A lyrical world is also created in the paintings and drawings by Jerzy Skąpski (born 1933). He is another artist that can use the same repertoire of forms to paint evangelical scenes for a church and to express himself in small, private pieces [fig. 7]. He is chiefly known for his monumental stained glass windows, which he produced for modern churches all over Poland. The extensive narration that he uses is constructed with artistic devices reminiscent of a child’s simplicity, and resembling Chagall’s compositions. Despite picturing sometimes tragic scenes, Skąpski seems to be reconciled with the world. In his painting, the Franciscan spirituality is visible: the mysticism affirmative of the whole experience of the time given to man.

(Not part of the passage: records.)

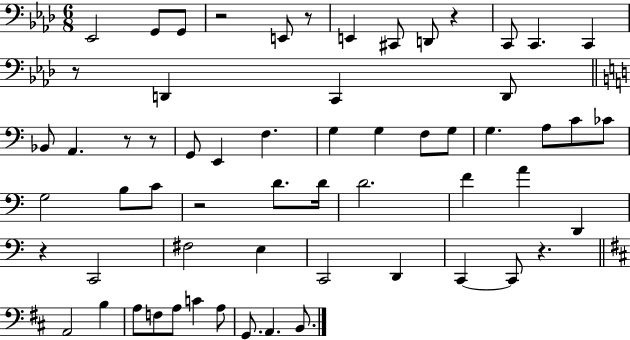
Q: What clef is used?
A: bass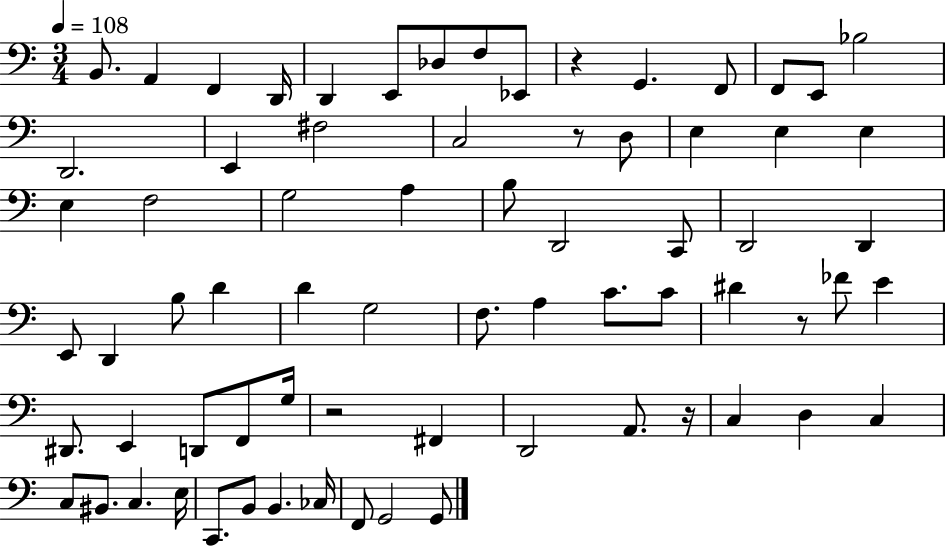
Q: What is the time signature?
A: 3/4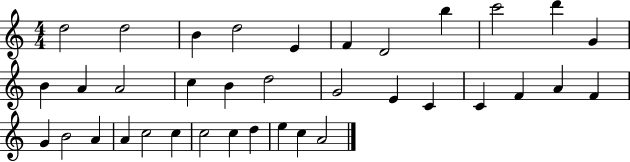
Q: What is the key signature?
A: C major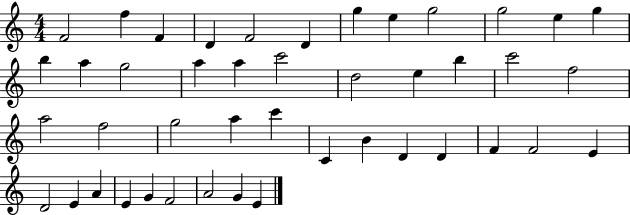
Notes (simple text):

F4/h F5/q F4/q D4/q F4/h D4/q G5/q E5/q G5/h G5/h E5/q G5/q B5/q A5/q G5/h A5/q A5/q C6/h D5/h E5/q B5/q C6/h F5/h A5/h F5/h G5/h A5/q C6/q C4/q B4/q D4/q D4/q F4/q F4/h E4/q D4/h E4/q A4/q E4/q G4/q F4/h A4/h G4/q E4/q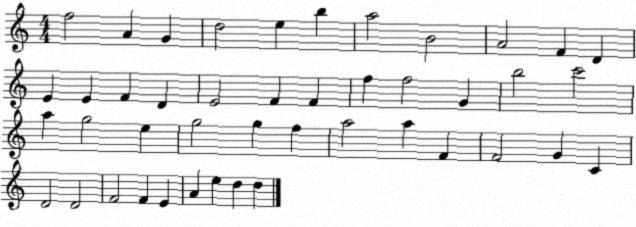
X:1
T:Untitled
M:4/4
L:1/4
K:C
f2 A G d2 e b a2 B2 A2 F D E E F D E2 F F f f2 G b2 c'2 a g2 e g2 g f a2 a F F2 G C D2 D2 F2 F E A e d d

A much sterner form is characteristic of paintings by Eugeniusz Mucha (1927–2012). He uses strong, expressive, “coarse” modelling, clear, intense colours, and very tight, multi-thematic composition consisting of many plots. Fascinated with folk art and provincial Baroque paintings from small wooden churches, he rejected academic knowledge and the form of socialist realism to pursue the goals of authenticity of expression and the communicative power of an artwork. All that considered, he also surprises the viewer with “fresh” and sincere religious thinking, which leads him to rich icon-creating invention in the numerous realized polychromies and in private paintings [fig. 8]. “It seems that the painter consciously humanizes religion, and brings universal, theological truths closer to the truth of individual, everyday existence (Nativity, 1972) [fig. 9]. He mixes »divine« time with »human« time. His religious art is considered »heretic« by some, and valued by others for the iconographic invention and the courage to testify to his own experience”.[17] The artistic attitude of Eugeniusz Mucha visibly relies on simple, but consistent asking of deep existential and theological questions. The answers that the artist formulates in his painting, especially in his last period, are a testimony to complete confidence in the Crucified and Resurrected Christ.

 

Impact of personalism and negative mysticism

A search for simple painting devices to express a mystical experience of trusting in God is what characterizes the works by Stanisław Rodziński (born 1940). His works are usually dark, with a strong luminist accent, which seems to be the proper carrier of the metaphysical tension. This light, which is given symbolic and expressive meaning, enters in a relation with the silhouettes of people, houses, and objects, thus creating the impression of divinization of the forms and the landscape. The effect is strengthened by the stern, thick, almost relief-like layering of paint – like the elementary, primal matter open to the act of the Spirit [fig. 10]. His painting is marked by Franciscan ascesis and simplicity, which, despite its austerity, was open to the world and the other human being. There are also hints of lessons from late Rembrandt, finding the theological foundations of his tenebrist art in negative mysticism.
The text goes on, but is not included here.